Odgeroo Noonuccal was a member of the Noonuccal aboriginal people of North Stradbroke Island (Minjerribah in the Noonuccal language) in Queensland, Australia. She was born in 1920, and lived most of her life at a time when the European settlers in Australia were very hostile toward the aboriginal peoples, taking their lands and abolishing their customs, forcing them to abandon their native cultures and join the “white” workforce. Her early life, therefore, was one of integration, though as an aboriginal woman few opportunities were available to her, and often she worked unskilled jobs for meager wages. In the 1950s she became a poet, and dedicated much of her life afterward to activism and pursuing equality for the indigenous peoples of Australia.
This is the context in which her poem “Then and Now” should be read and understood. The poem is written from the point of view of an Aboriginal woman, who is lamenting the forceful destruction of her native lands to make room for the settlers’ industrialization. Dreams of the speaker’s tribe, carefree and happy, are “shattered by rushing car,/by grinding tram and hissing train.” The imagery in the poem juxtaposes a time when, the speaker says, “I had nothing but happiness,” with the negative transformation of her natural world into the ugly, paved world of smoke-belching factories brought by the Europeans when they claimed the land as their own.
In the second verse the speaker recalls landmarks and memories, places where children played or where crops were grown, and contrasts these locations with what they have become: parking lots and office buildings, totally impersonal structures with no emotional or historical value. The speaker mourns the loss of the aboriginal culture: “No more woomera, no more boomerang/No more playabout, no more the old ways.” The poem is sad and wistful, longing for life before it was complicated by the coming of the Europeans, and the speaker laments her own forced integration among them, mocking the way she is regarded by those around her: “Isn’t she lucky to have a good job!” What is luck, when her own history has been splintered and burned down to nothing but memory? What is luck, when she is forced to live our her life in a foreign world in which she will forever be a stranger?
So in short, the poem is about the loss of the aboriginal culture from the point of view of an indigenous woman, and the speaker laments her forced integration into the European way of life through the juxtaposition of her happy childhood in a natural world with the dreary, impersonal, industrialized environment of a modern city.
References
What is the tone of the poem "Then and Now" by Oodgeroo Noonuccal?

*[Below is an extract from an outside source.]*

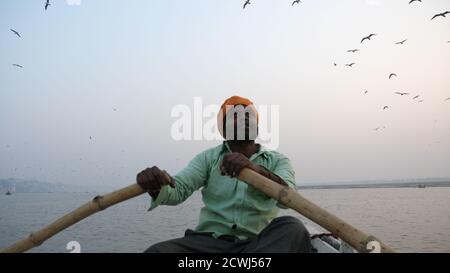Varanasi, Indien - 18. Dezember 2017: Am frühen Morgen auf dem Ganga-Fluss schwimmend. Bootsmann Rudern. Stockfoto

The tone is nostalgic and melancholy. The speaker remembers a simpler and perhaps more peaceful time before European colonization in Australia. The boomerang and woomera were Aboriginal weapons: artifacts associated with this previous period in Australia's history. The speaker affectionately recalls this time before European colonialization and industrialization. This was a time when people were freer, more in touch with nature and, according to the speaker, happier.
This is a common theme in Romantic poetry. The nostalgia is for a pre-industrial or pre-civilized time when people were concerned with the simplicity of live: not so concerned with the rapid pace of historical progress. This historical nostalgia is analogous to the personal nostalgia for the simplicity and wonder of childhood. This is also a theme common to many Romantic poems. So, this poem is nostalgic and melancholy.
But its tone is also resentful because it is a lament about the European colonization of Australia. Noonuccal was an Australian poet and activist for Aboriginal rights.